Friday, July 3, 2015

Amanda Downum's DREAMS OF SHREDS & TATTERS

It's not in any way a secret that Dreams of Shreds & Tatters is meant as author Amanda Downum's extension of the Yellow King/Carcosa mythos developed by Robert W. Chambers and played with by the likes of Machen and Lovecraft. Just look at the cover. Indeed, I entered into this worried that it might all be a bit too on-the-nose and in-your-ribs. But I trusted the people who recommended this to me and kept going, and found it all no more unsubtle than the first season of True Detective in that regard.

I won't say that Downum has achieved a perfect modernization of Chambers weird oeuvre, for all its concern with artists and galleries and the new Europe of Canada, but rather that Downum has achieved something I find actually quite more satisfying; she's tackled the Yellow King as Tim Powers would, bringing the weird and the uncanny and the unholy and the numinous squarely into a plausible modern setting, peopled with sympathetically sketched modern characters who are themselves dealing with modern issues.
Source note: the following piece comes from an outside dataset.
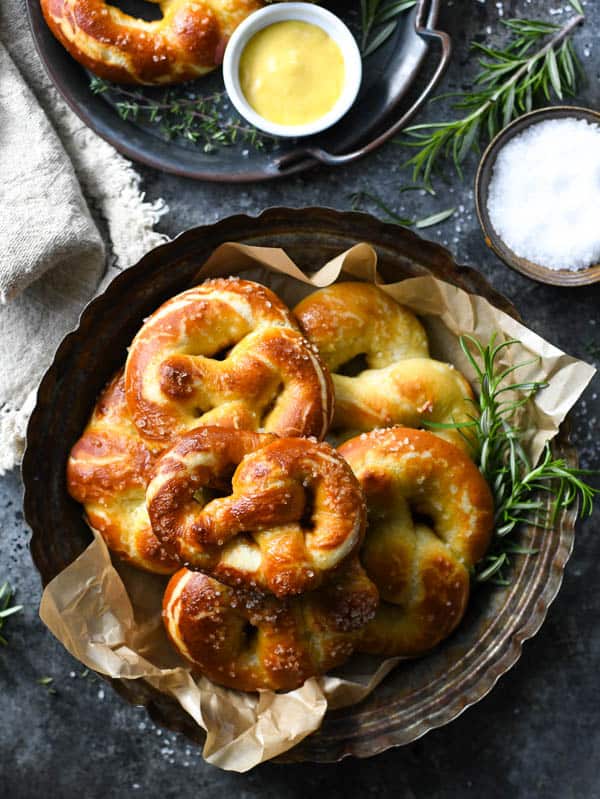 Overhead image of a round tray of soft baked pretzels on a table with mustard and salt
All while extending the touchstone mythos just enough, and blending it beautifully with "real" mythology, chiefly the stories of Orpheus and the Maenads.

Downham's King is thoroughly part of the Yellow Book tradition. As one of the other archetypal figures we encounter describes him: "The King fancies himself a patron of the arts but he'll take anyone he can, anyone talented and foolish enough to find this place. He offers them visions. If they survive that he gives them power. In exchange for service."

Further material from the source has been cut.